Rail workers rally, demand paid sick leave

By John Studer
December 7, 2023

Dozens of track workers, members of the Brotherhood of Maintenance of Way Employes union, held two protests Nov. 15 — one outside the headquarters of the Indiana Harbor Belt railroad in Hammond, Indiana, and the other at the U.S. offices of Canadian National Railway in Homewood, Illinois. The bosses of the two railroads are refusing to let workers take paid sick leave when they need it.

Carrying signs saying “IHB is greedy” and “Stop the war on railroad workers,” two dozen union workers picketed in Hammond. “The job has always been that you show up to work whether you’re sick or injured, you’re just expected to,” Thomas Kirby, BMWE director of organizing, told the press.

Workers from other unions came to give support. “They’re making working conditions that aren’t acceptable,” said Terry Steagall, a retired member of the United Steelworkers union. “And we’re out to change that, corporate greed needs to go away.”

The BMWE and other rail unions have taken this fight on as a priority. Paid sick leave was a key demand in the national rail contract fight last year. But the bosses refused to budge.

Rail workers are subject to the notorious anti-labor Railway Labor Act, which covers them all with massive red tape, no-strike provisions and endless delays in the fight for a contract. Last fall Democratic President Joseph Biden and Congress adopted legislation making a rail strike illegal and imposing a contract on the unions that the BMWE, SMART-TD conductors union members and others had voted to reject. It did not contain paid time off.

A separate bill to grant rail workers paid leave was submitted, but, under pressure from the rail bosses, it went down to defeat.

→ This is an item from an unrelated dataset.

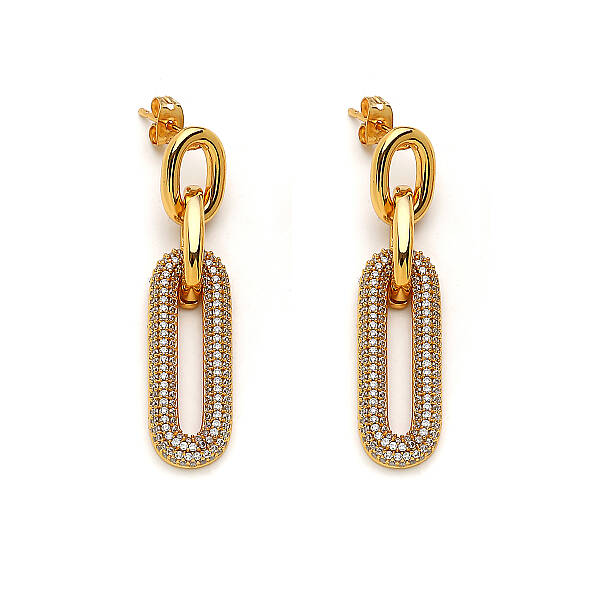 Shimmer Zircon Pinned Earrings - 1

“To be clear, rail companies could do the right thing today and grant workers paid sick leave,” AFL-CIO President Liz Shuler said after the vote. “But they’ve refused, putting profits over people.”

The rail bosses have imposed big changes on the workers and the industry over the last several years. They’ve implemented what they call “precision scheduled railroading,” running longer and heavier trains on tighter schedules and laying off thousands of workers.

Between November 2018 and December 2020, the bosses cut 40,000 jobs, creating increasingly dangerous conditions and greater pressure on workers. An integral part of their shift was to make it more difficult for rail workers to take any time off.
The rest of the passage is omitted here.